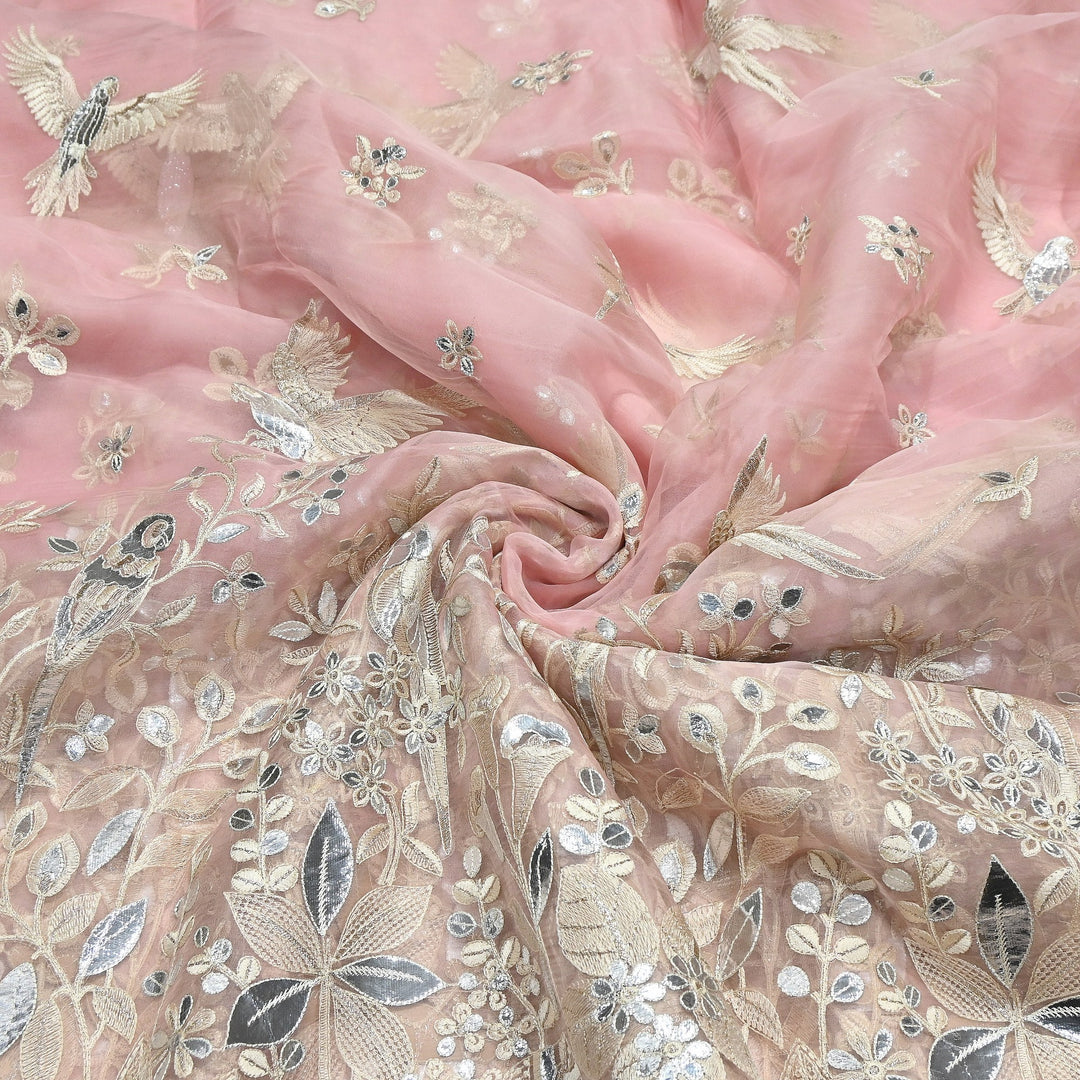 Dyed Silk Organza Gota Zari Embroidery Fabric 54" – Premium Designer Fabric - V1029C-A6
--
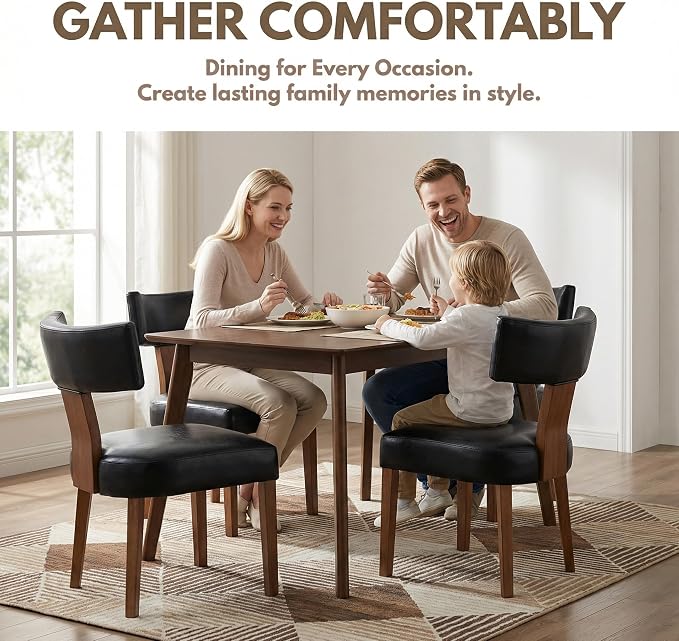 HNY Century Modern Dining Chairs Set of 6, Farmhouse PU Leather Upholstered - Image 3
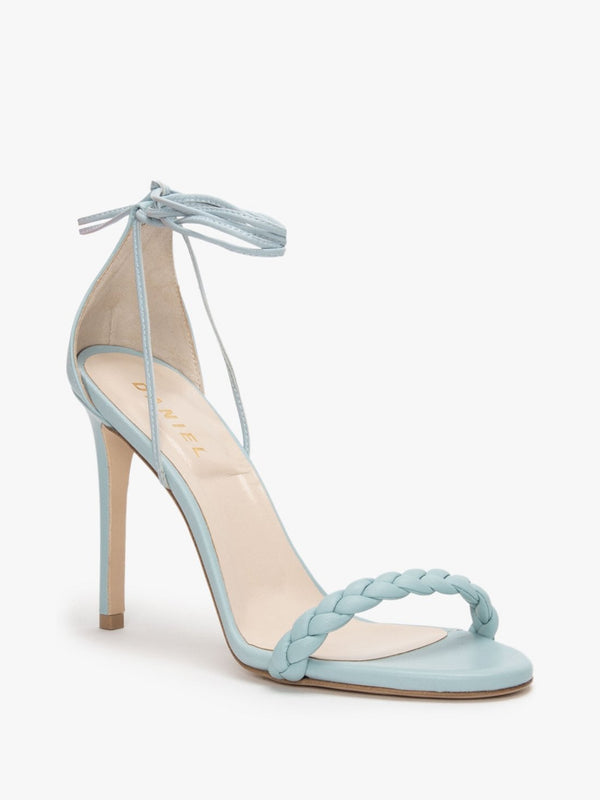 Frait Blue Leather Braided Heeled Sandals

-- Task prompt --
Would you copy out, exactly and with no pictures, only the lines above from the one that contains "HNY Century Modern" through the one that contains "Frait Blue Leather Braided Heeled Sandals"?

-- Output --
 HNY Century Modern Dining Chairs Set of 6, Farmhouse PU Leather Upholstered - Image 3
 Frait Blue Leather Braided Heeled Sandals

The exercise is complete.